Material for the task:
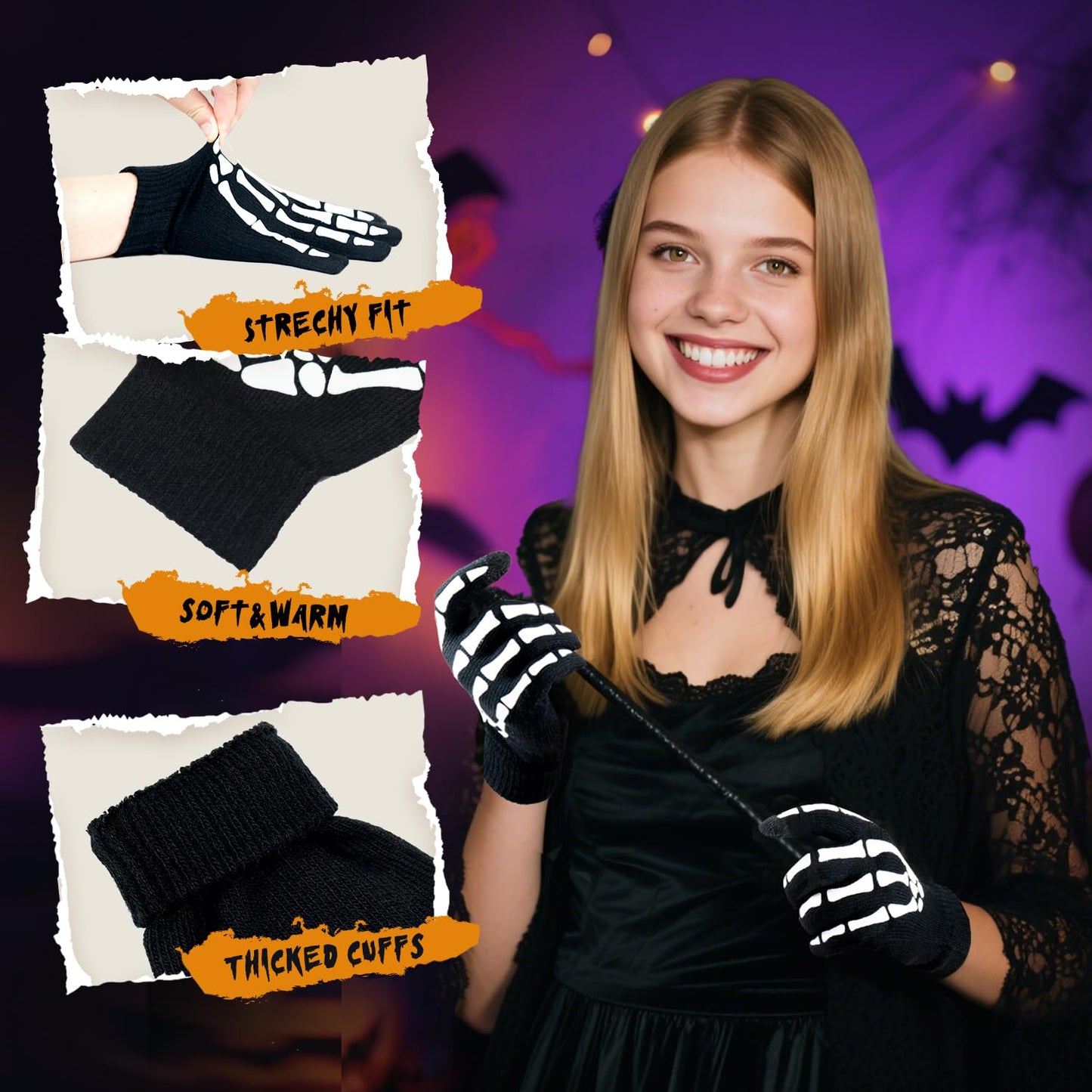 CROSSFINGERS Skeleton Gloves with Touchscreen and Warm for Halloween Cosplay Party and Daily Wears 2 Pairs
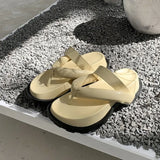 Summer Thick Bottom Slippers Comfy Women Sandals Ladies Mid-heels Flip Flops Platform Shoes Female Comfort Leisure
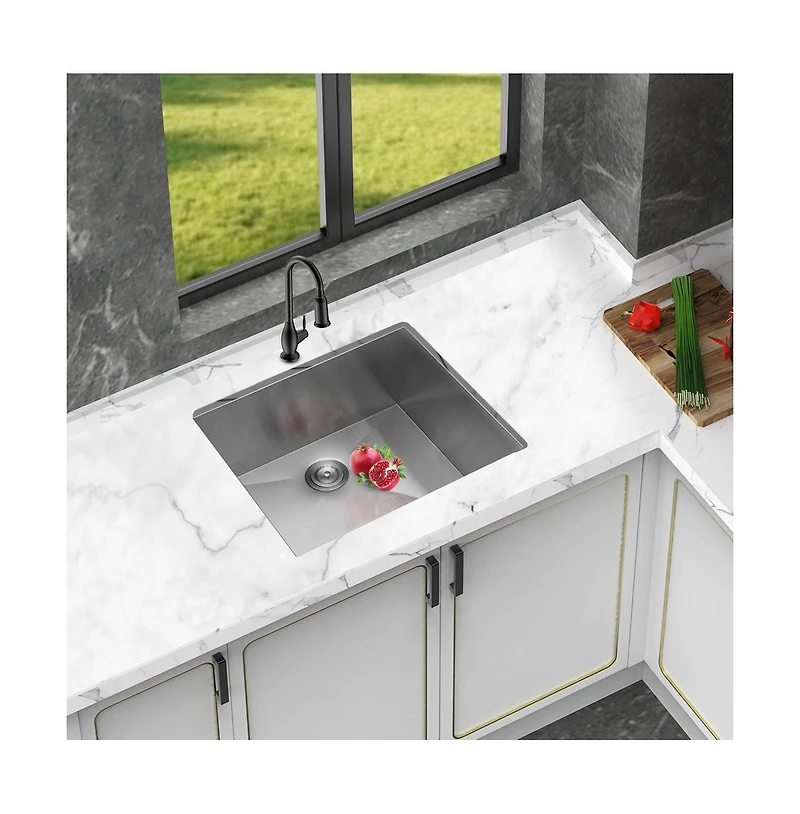 flynama 23x18x9inch Undermount Kitchen Sink Single Bowl Stainless Steel 16 Gauge Deep Basin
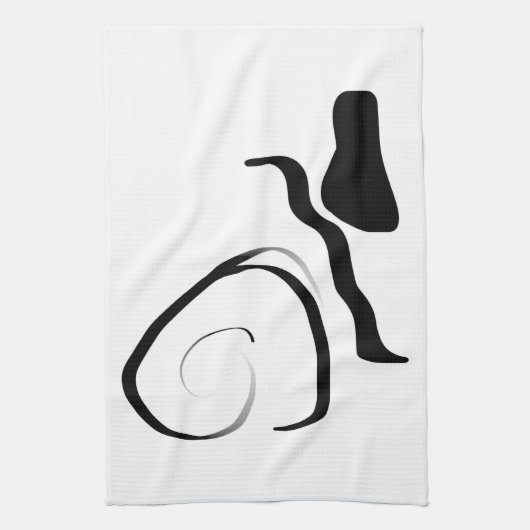 Linge De Cuisine Cycle de rotation : noir et blanc Abstrait (Vertical)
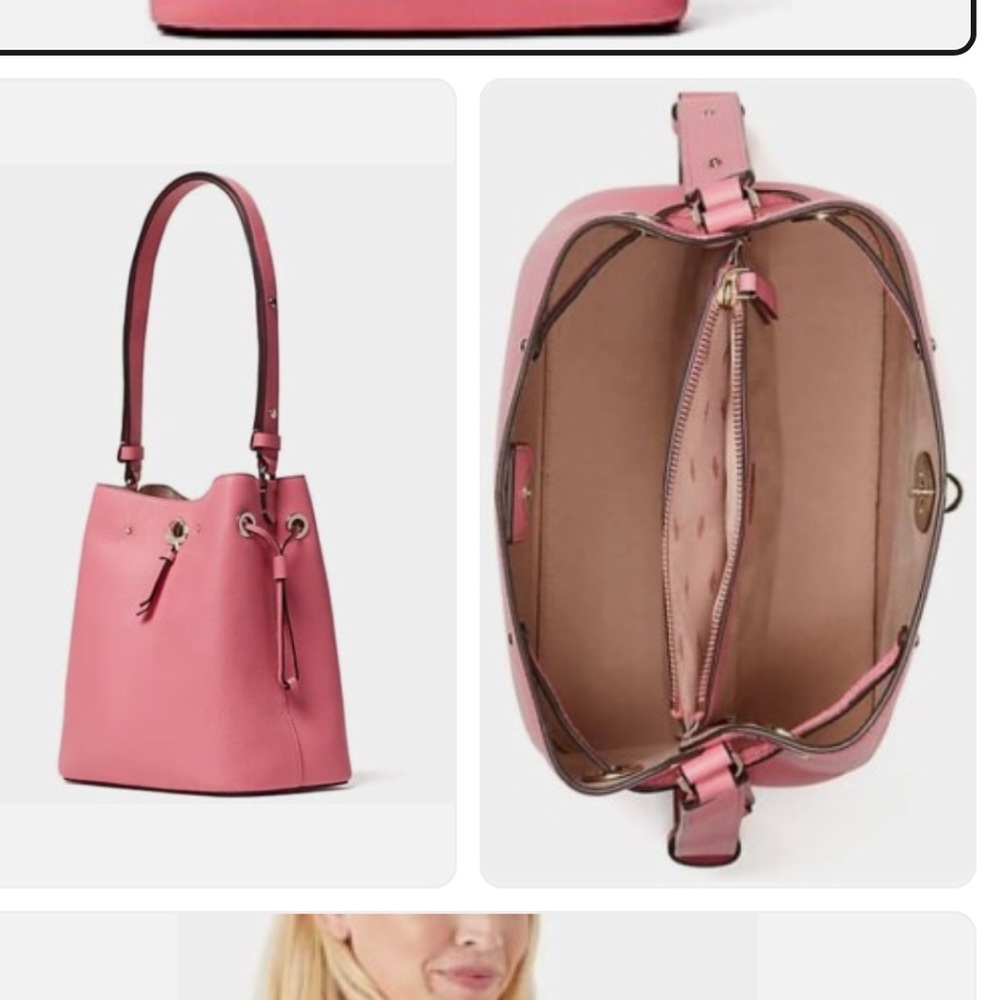 Kate Spade Marti Convertible Pebbled Leather bucket bag in carnation pink - Picture 3 of 16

Task brief:
Only an exact copy is needed: the lines from the opening of the listing through the line with "Linge De Cuisine", both included, minus the pictures.

Result of this task:
 CROSSFINGERS Skeleton Gloves with Touchscreen and Warm for Halloween Cosplay Party and Daily Wears 2 Pairs
 Summer Thick Bottom Slippers Comfy Women Sandals Ladies Mid-heels Flip Flops Platform Shoes Female Comfort Leisure
 flynama 23x18x9inch Undermount Kitchen Sink Single Bowl Stainless Steel 16 Gauge Deep Basin
 Linge De Cuisine Cycle de rotation : noir et blanc Abstrait (Vertical)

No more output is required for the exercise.